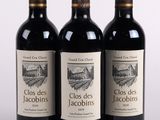 trois bouteilles de vin rouge posées sur une table blanche
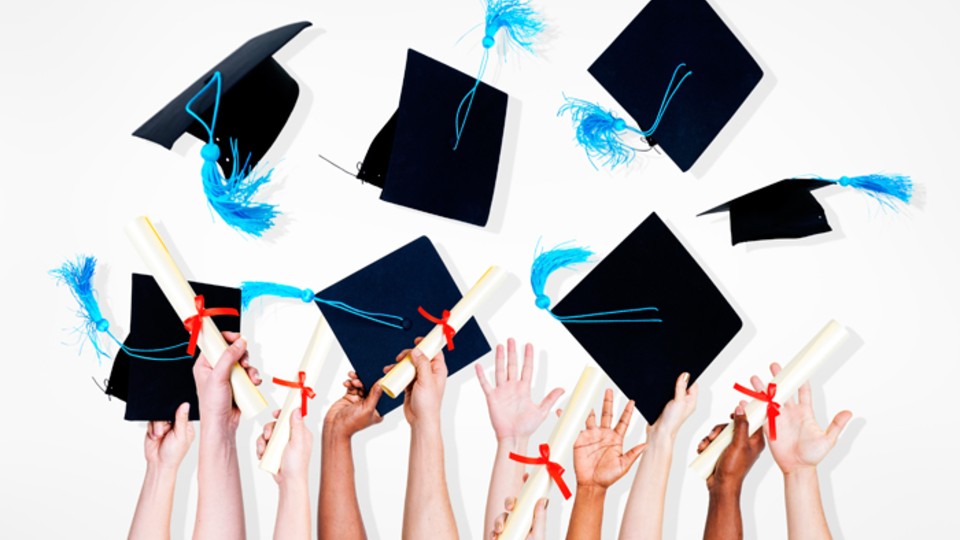 Mortar boards being thrown in the air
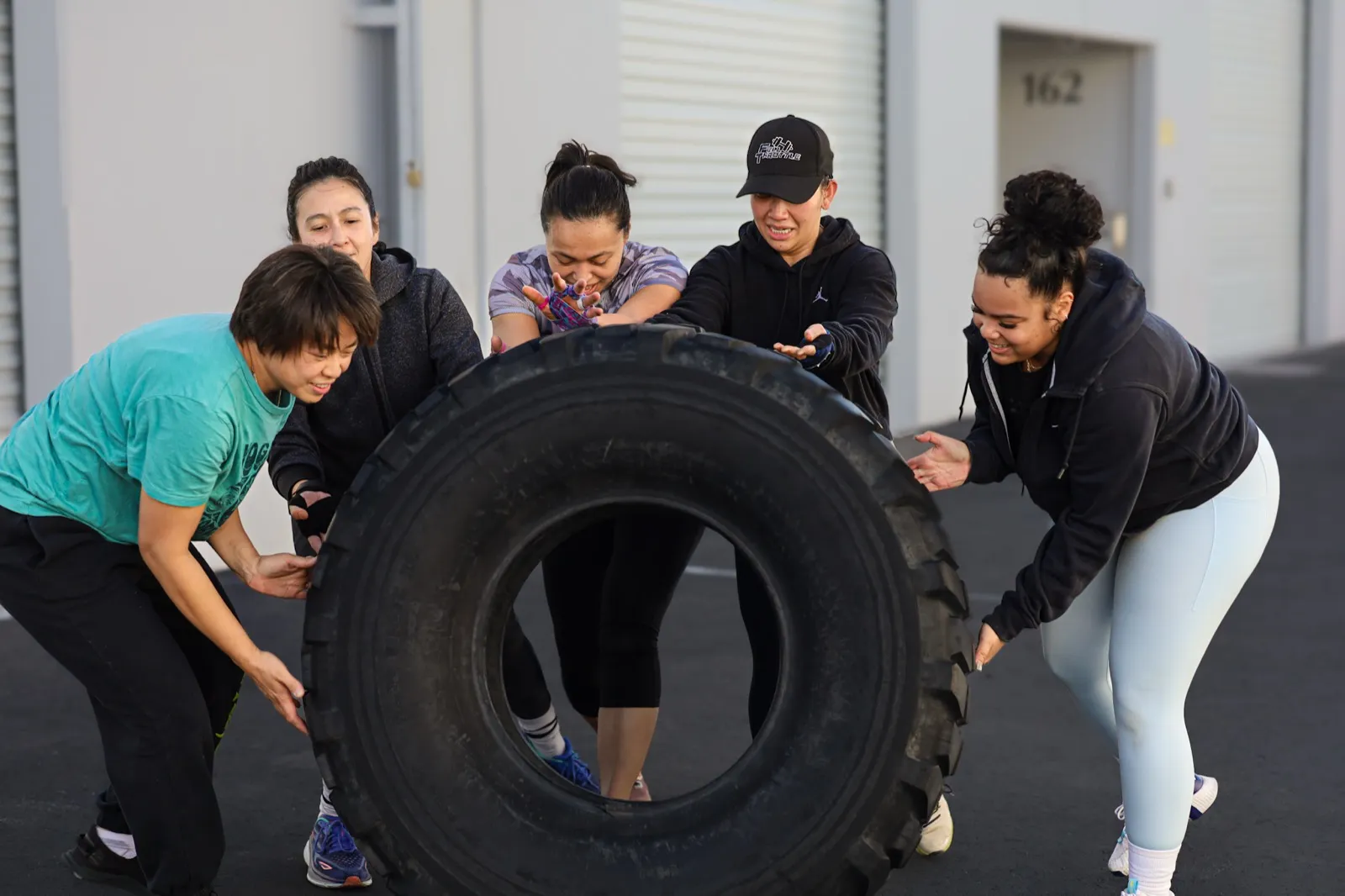 Strength and conditioning at Evolve Kickbox in Las Vegas — a member flipping a training tire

-=-=-

- Exercise -
Reproduce every line of the material precisely, omitting its pictures.

- Solved exercise -
 trois bouteilles de vin rouge posées sur une table blanche
 Mortar boards being thrown in the air
 Strength and conditioning at Evolve Kickbox in Las Vegas — a member flipping a training tire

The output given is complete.